Most economists expected orders to fall about 0.2 percent due to the now-concluded strike against General Motors and the ongoing Asian economic crisis.
The bond market largely ignored the report, despite its surprising strength. The yield of the 30-year Treasury fell to 5.417 percent in morning trading.
Orders for autos and auto parts did fall in July, but the decline was more than made up for by a big gain in orders for aircraft. Transportation orders rose 0.3 percent to $39.5 billion, the first gain since April.

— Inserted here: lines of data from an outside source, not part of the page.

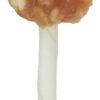 Chicken Cheese Lolly, lose, 10cm, 20 g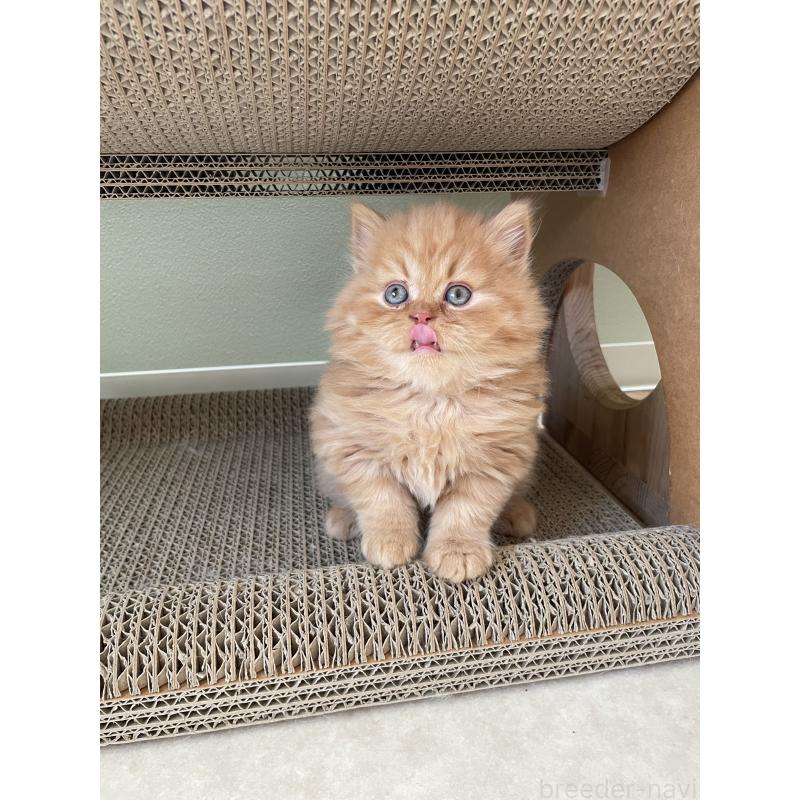 販売中の埼玉県のブリティッシュロングヘア-131315の3枚目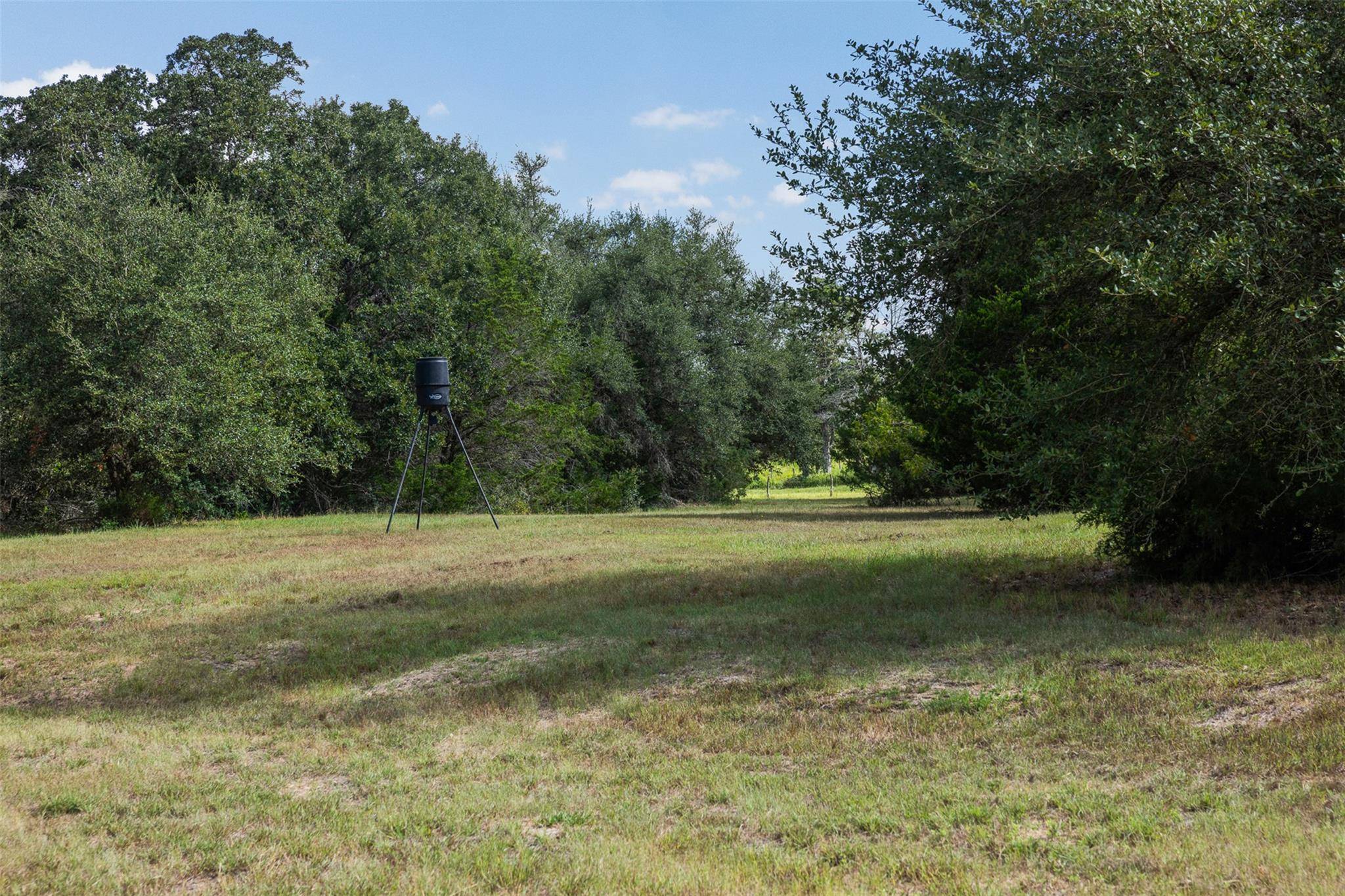 3555 County Road 430, Dime Box, TX 77853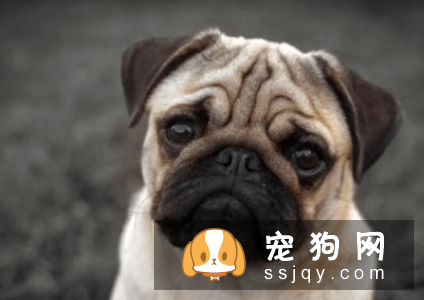 什么宠物狗养的人最多？宠物狗热度排行榜！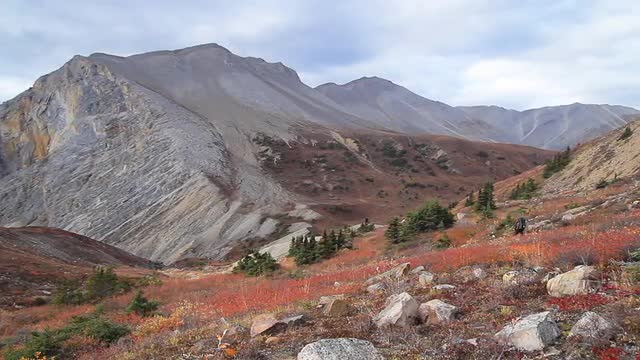 Hikers in the Mountain pass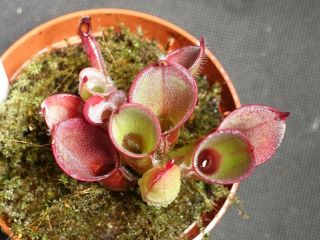 ADULT Heliamphora pulchella (Chimanta) - VERY RARE carnivorous pitcher plant 2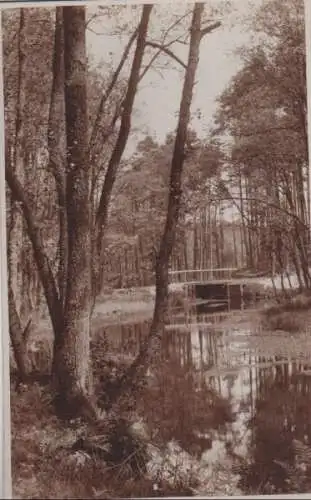 Wasserlauf im Wald - ca. 1935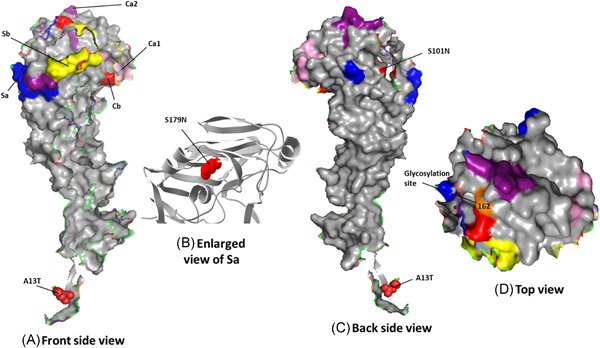 Figure 2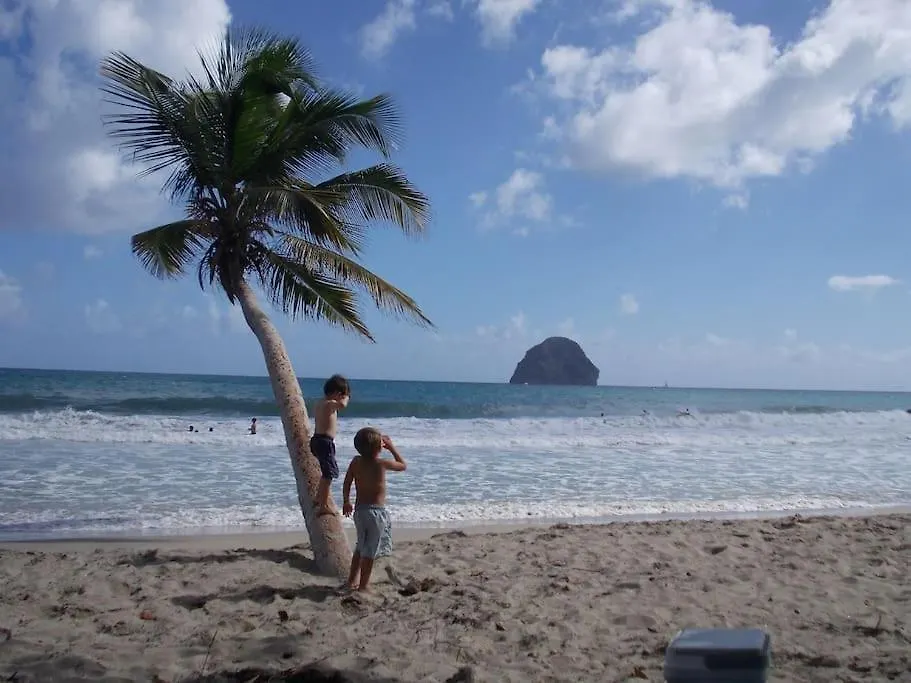 Papayer ! Le Studio Pour Des Vacances Tropicales Le Diamant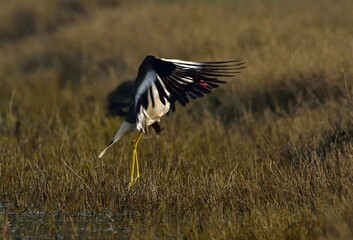 red-wattled lapwing is an Asian lapwing or large plover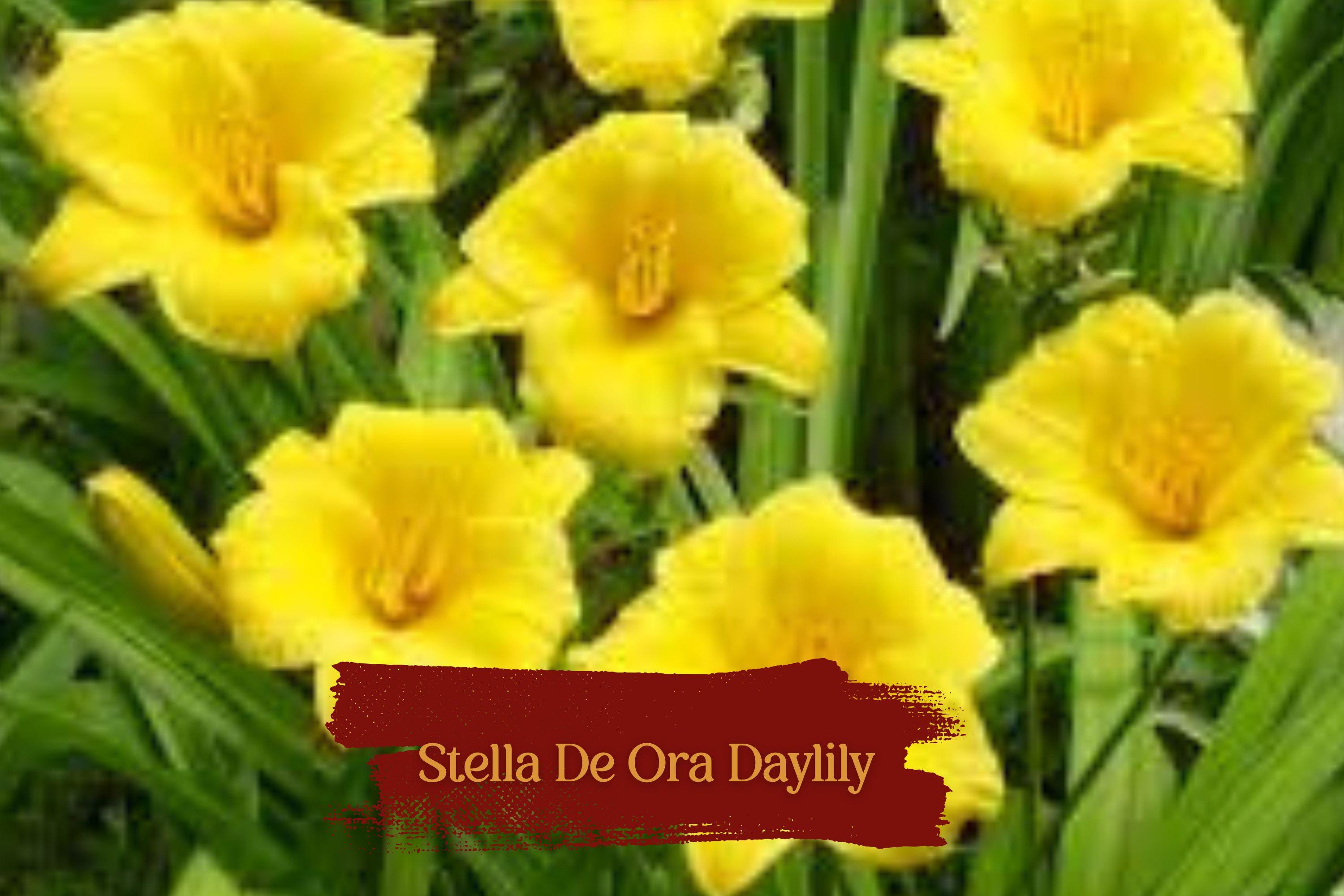 Set of 5 Stella De Oro Daylily Bare Root Plants | Reblooming Yellow Perennial Flowers | Hardy, Drought-Tolerant, Low Maintenance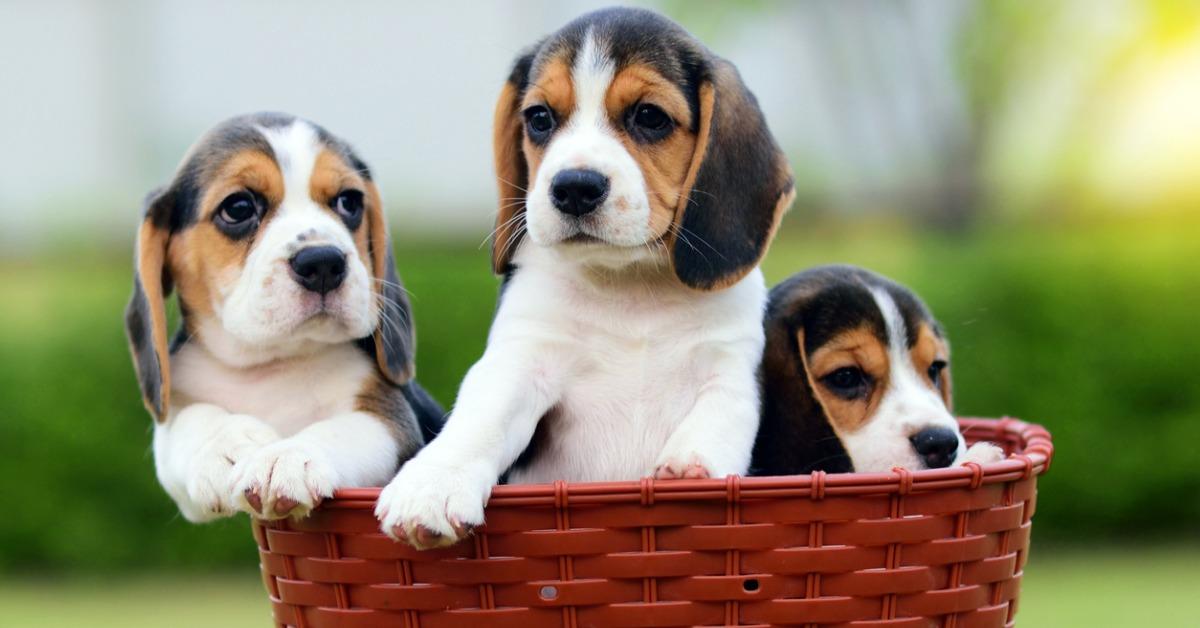 cute beagles in basket picture id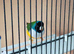 Gouldian finch pair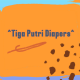 TigaPutri Diapers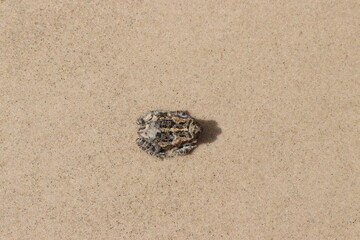 shell on sand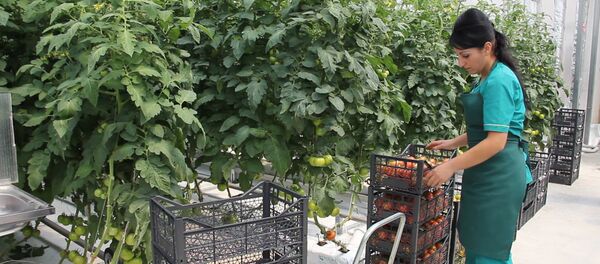 Производство компании Spayka - Sputnik Армения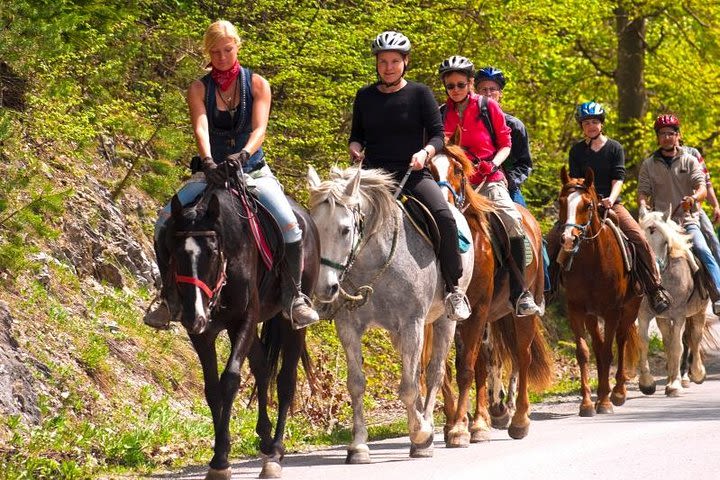 Scenic Horseback-Riding Tour from San Juan image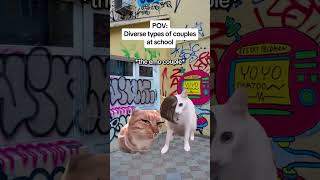 CAT MEMES 🐱Diverse types of couples at school catmemes relatable relationship [upl. by Molohs]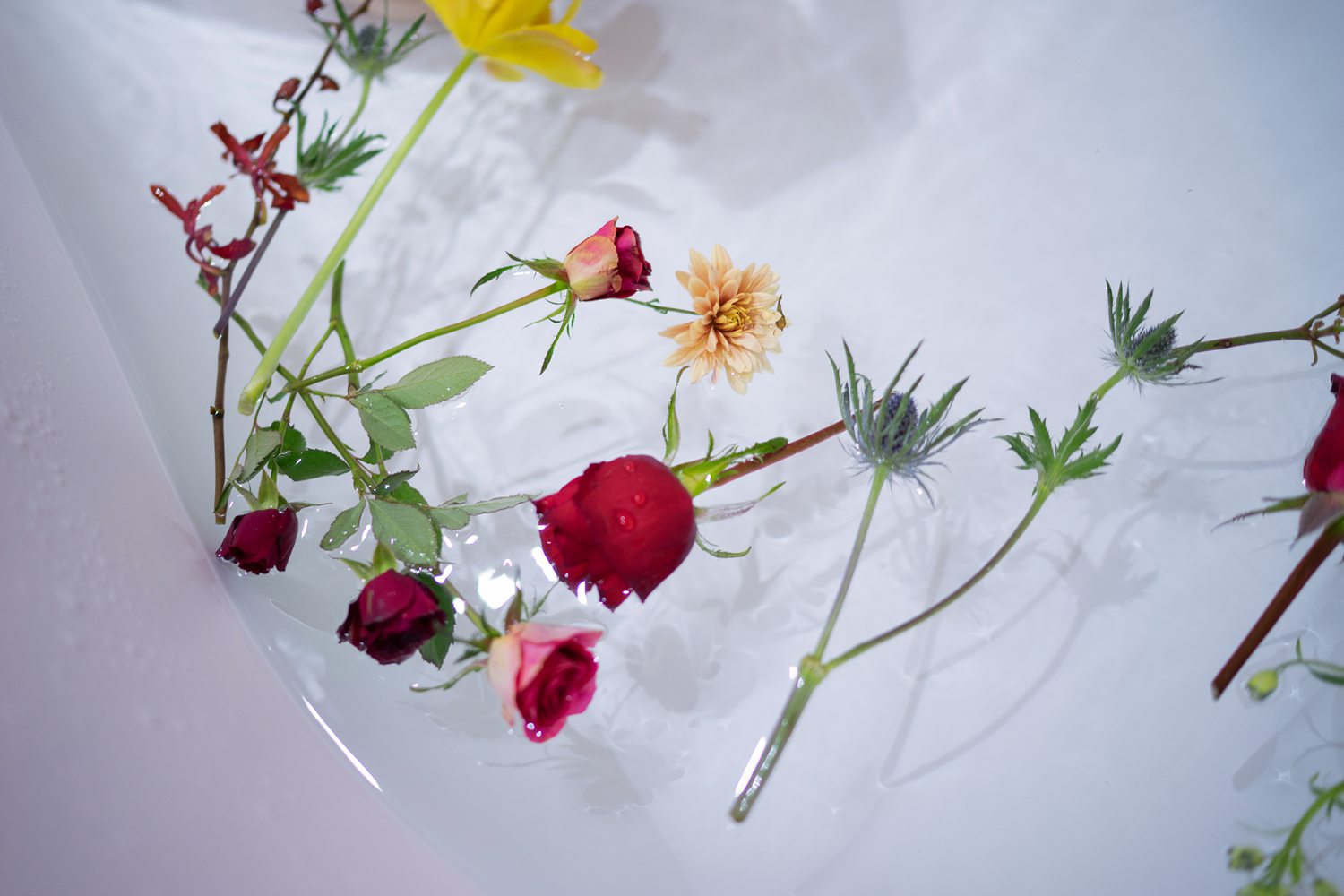 图片[14]-微博红人动漫Coser@黑川 橙色泳衣 在线浏览 – 速更版-美库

Excluding transportation orders, orders for durable goods rose 3 percent to $148 billion, the biggest rise since August 1997.
The report shows a resilient manufacturing sector, which has been buffeted by weak orders from Asia and increased competition globally. "The manufacturing sector is still moving forward," said Cynthia Latta, economist at DRI/McGraw Hill.
"We're pretty fortunate. We're feeling the impact of Asia, but the domestic economy is so strong."
Once again, American consumers were the big buyers; orders to the nondefense, non-aircraft capital goods industries (which serves as a proxy for business investment) fell 1.5 percent.
"The consumer sector is going gang-busters," Latta said.
Shipments of durable goods, an indicator of current activity, fell 0.2 percent to $186.2 billion in July, behind a 2.4 percent drop in transportation shipments. Unfilled orders for durable goods, an indicator of future production, rose 0.3 percent to $506.2 billion.
Durable goods are items, such as autos, airplanes, computers and refrigerators, that are designed to last at least three years. Economists track orders for durables carefully because they are highly correlated with the business cycle.
The biggest gain in orders in July came from electronic and electrical equipment, which rose 12 percent to $33.8 billion. Orders for industrial machinery (which includes computers and semiconductors) rose 2 percent to $37.6 billion. Orders for primary metals dropped 0.2 percent to $14.4 billion, the third decline in a row.
Defense orders dropped 0.1 percent to $5.6 billion. Orders excluding defense rose 2.5 percent to $181.9 billion.